Asian stocks declined alongside European and US equity futures as traders grew increasingly concerned about the potential effects of president-elect Donald Trump’s upcoming policy agenda and his cabinet selections.
The MSCI Asia Pacific Index fell for the third consecutive day, while Treasury yields climbed due to fears that Trump’s planned tax cuts could drive inflation. Hong Kong shares experienced significant losses, with concerns rising over Trump’s reported appointments of individuals with a history of criticizing China for key positions in his administration.
Trump’s Trade Policy Raises Global Concerns
Although the so-called “Trump trade” has contributed to a stronger dollar and rising US stock prices, the implications of his policies are expected to negatively affect global assets. His proposals to increase tariffs are particularly concerning for major exporters to the US, such as China.
Phillip Wool, head of portfolio management at Rayliant Global Advisors, noted, “There are concerns about new Trump tariffs, the US deficit, and rising pressure on the dollar, which could force the Federal Reserve to slow its easing measures.” These concerns appear to be weighing heavily on Asian stock markets.
Treasury 10-year yields rose by three basis points to 4.34% as US government securities trading resumed in Asia after the US holiday. Meanwhile, the Bloomberg Dollar Spot Index climbed by 0.2%, reaching a one-year high. Oil prices also dropped, following their biggest decline in two weeks.

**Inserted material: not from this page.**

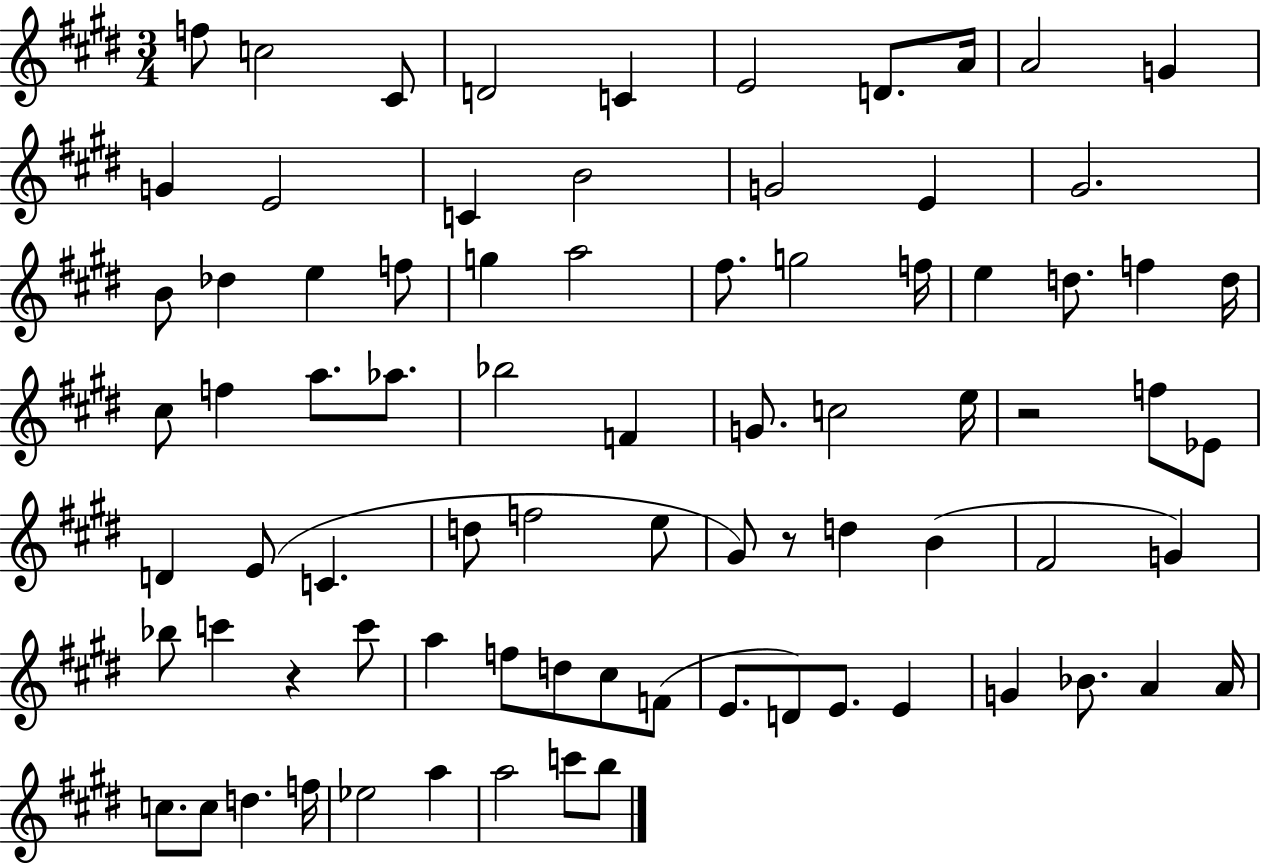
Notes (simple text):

Hong Kong and China Face Increased Pressure
Hong Kong’s Hang Seng Index saw a sharp decline of up to 3.3%. Reports suggest that Senator Marco Rubio, known for his hardline stance on China, is set to be appointed Secretary of State, while Representative Mike Waltz, who views China as a significant threat to the US, is expected to become national security advisor.
Homin Lee, senior macro strategist at Lombard Odier, commented, “Trump’s reported appointments of well-known China hawks are impacting investor sentiment in Hong Kong. This indicates a high likelihood of Trump following through with his plan to impose punitive tariffs on Chinese exports to the US.”

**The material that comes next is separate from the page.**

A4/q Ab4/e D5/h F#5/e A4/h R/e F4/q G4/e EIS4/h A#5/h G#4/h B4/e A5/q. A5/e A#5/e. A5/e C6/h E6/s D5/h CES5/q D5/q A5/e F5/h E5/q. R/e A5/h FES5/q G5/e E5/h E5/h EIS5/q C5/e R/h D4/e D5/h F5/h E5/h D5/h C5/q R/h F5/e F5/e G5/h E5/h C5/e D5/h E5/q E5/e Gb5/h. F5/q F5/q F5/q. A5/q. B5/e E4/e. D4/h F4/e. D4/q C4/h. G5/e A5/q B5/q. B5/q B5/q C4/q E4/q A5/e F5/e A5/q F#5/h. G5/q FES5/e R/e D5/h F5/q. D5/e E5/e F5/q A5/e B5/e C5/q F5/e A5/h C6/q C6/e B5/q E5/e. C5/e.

China’s CSI 300 Index also shifted to a loss after earlier gains, which had been supported by news that the government may introduce tax cuts to stimulate the housing market. However, Sat Duhra, a fund manager at Janus Henderson Investors, warned, “The measures are insufficient to revive housing demand, and investor confidence in China remains low due to persistent inflation.”
Outlook for US Stocks and Inflation
The S&P 500 closed slightly higher on Monday, gaining 0.1% and reaching its 51st record of the year. The Dow Jones Industrial Average rose by 0.7%.

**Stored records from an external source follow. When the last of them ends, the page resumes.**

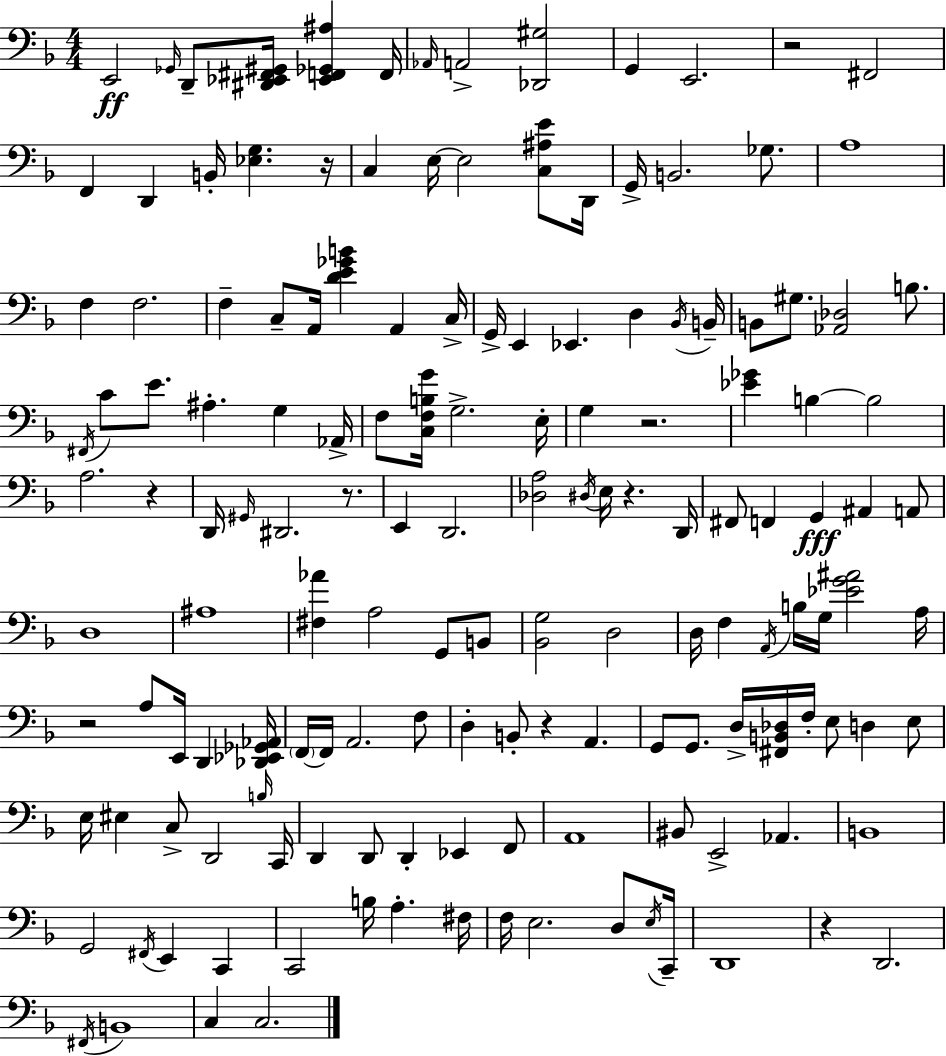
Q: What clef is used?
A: bass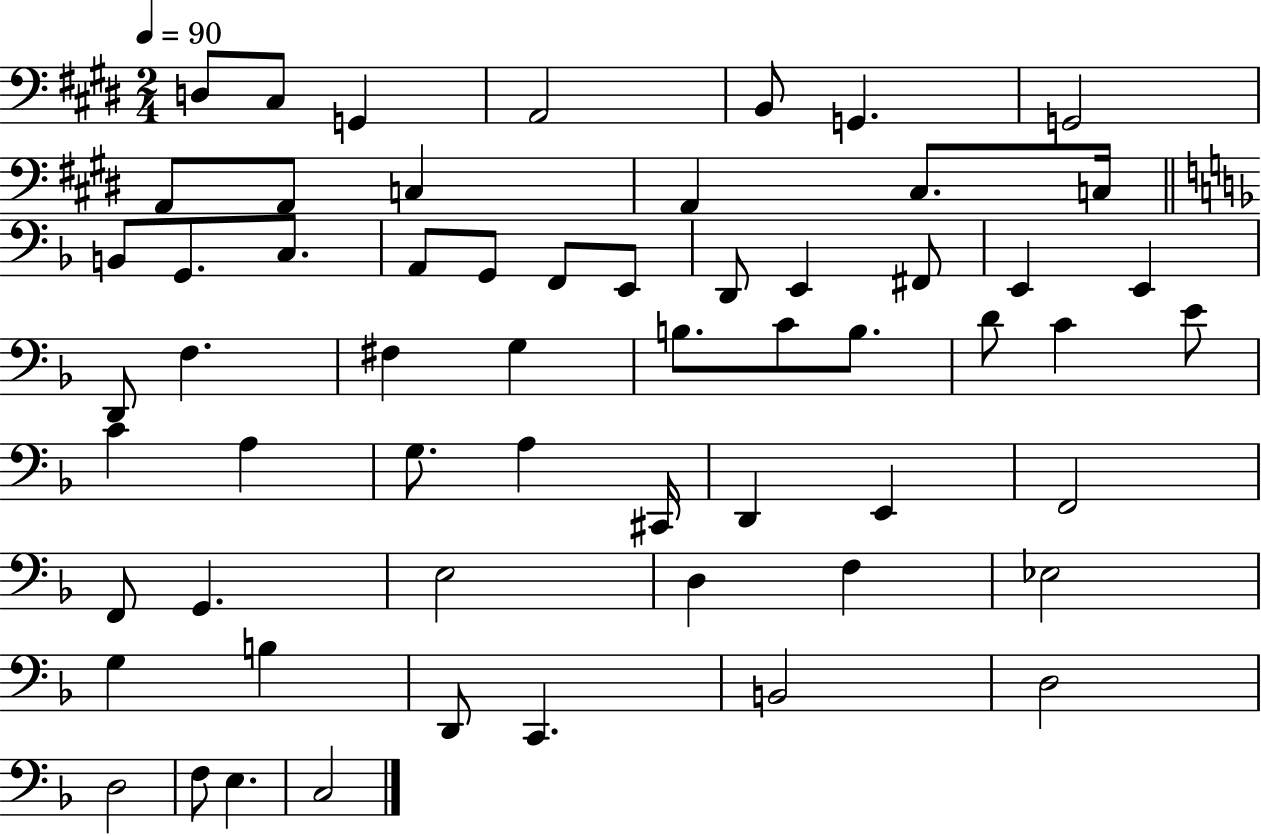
{
  \clef bass
  \numericTimeSignature
  \time 2/4
  \key e \major
  \tempo 4 = 90
  d8 cis8 g,4 | a,2 | b,8 g,4. | g,2 | \break a,8 a,8 c4 | a,4 cis8. c16 | \bar "||" \break \key d \minor b,8 g,8. c8. | a,8 g,8 f,8 e,8 | d,8 e,4 fis,8 | e,4 e,4 | \break d,8 f4. | fis4 g4 | b8. c'8 b8. | d'8 c'4 e'8 | \break c'4 a4 | g8. a4 cis,16 | d,4 e,4 | f,2 | \break f,8 g,4. | e2 | d4 f4 | ees2 | \break g4 b4 | d,8 c,4. | b,2 | d2 | \break d2 | f8 e4. | c2 | \bar "|."
}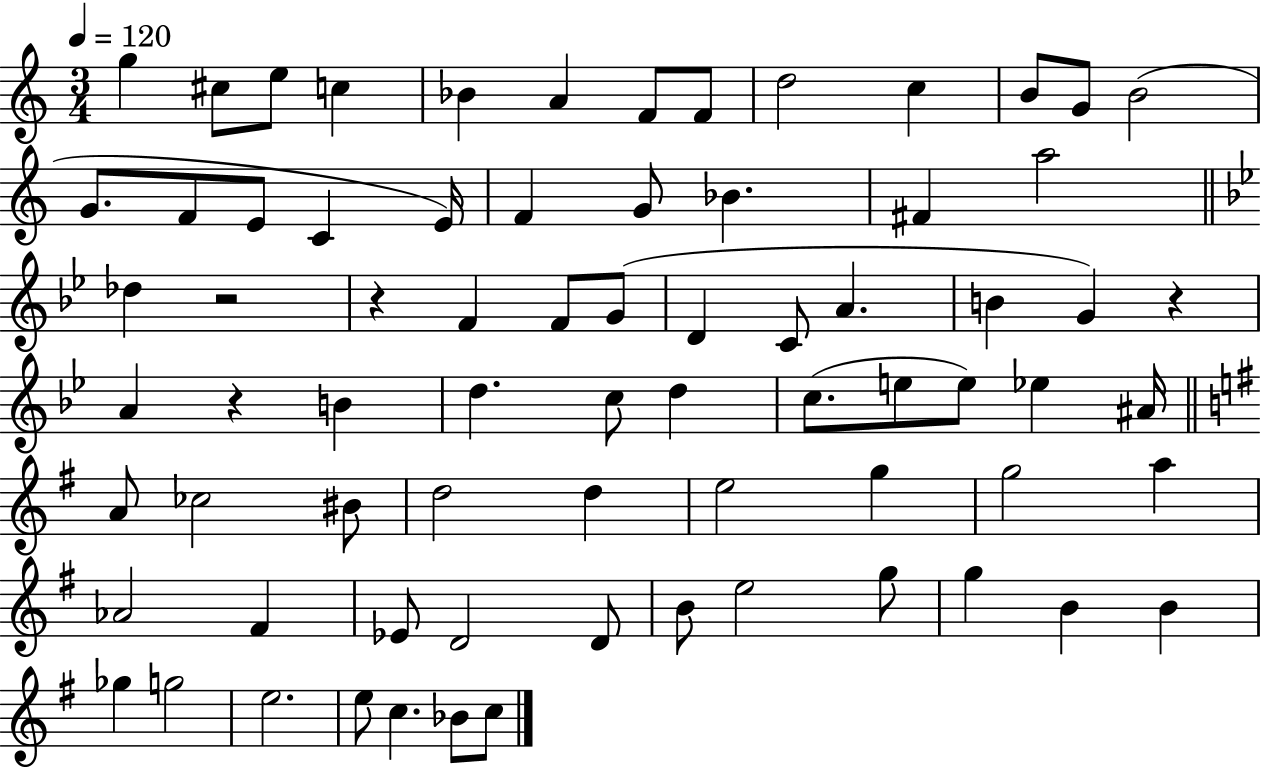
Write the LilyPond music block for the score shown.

{
  \clef treble
  \numericTimeSignature
  \time 3/4
  \key c \major
  \tempo 4 = 120
  \repeat volta 2 { g''4 cis''8 e''8 c''4 | bes'4 a'4 f'8 f'8 | d''2 c''4 | b'8 g'8 b'2( | \break g'8. f'8 e'8 c'4 e'16) | f'4 g'8 bes'4. | fis'4 a''2 | \bar "||" \break \key g \minor des''4 r2 | r4 f'4 f'8 g'8( | d'4 c'8 a'4. | b'4 g'4) r4 | \break a'4 r4 b'4 | d''4. c''8 d''4 | c''8.( e''8 e''8) ees''4 ais'16 | \bar "||" \break \key e \minor a'8 ces''2 bis'8 | d''2 d''4 | e''2 g''4 | g''2 a''4 | \break aes'2 fis'4 | ees'8 d'2 d'8 | b'8 e''2 g''8 | g''4 b'4 b'4 | \break ges''4 g''2 | e''2. | e''8 c''4. bes'8 c''8 | } \bar "|."
}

Looking ahead, the next major focus is US inflation data, with the core consumer price index, which excludes food and energy, expected to show consistent growth compared to September’s figures.
US stocks are predicted to rally through the end of the year, following Trump’s presidential election victory. According to JPMorgan Chase & Co., the market’s performance in 2024 could surpass the rally that followed his 2016 win.
Andrew Tyler, head of US market intelligence at JPMorgan, stated, “I expect 2024 returns to be larger than 2016. One key advantage for the S&P 500 is weaker growth outside the US, with countries like China, the UK, EU, Canada, and Mexico experiencing slower growth compared to back then.”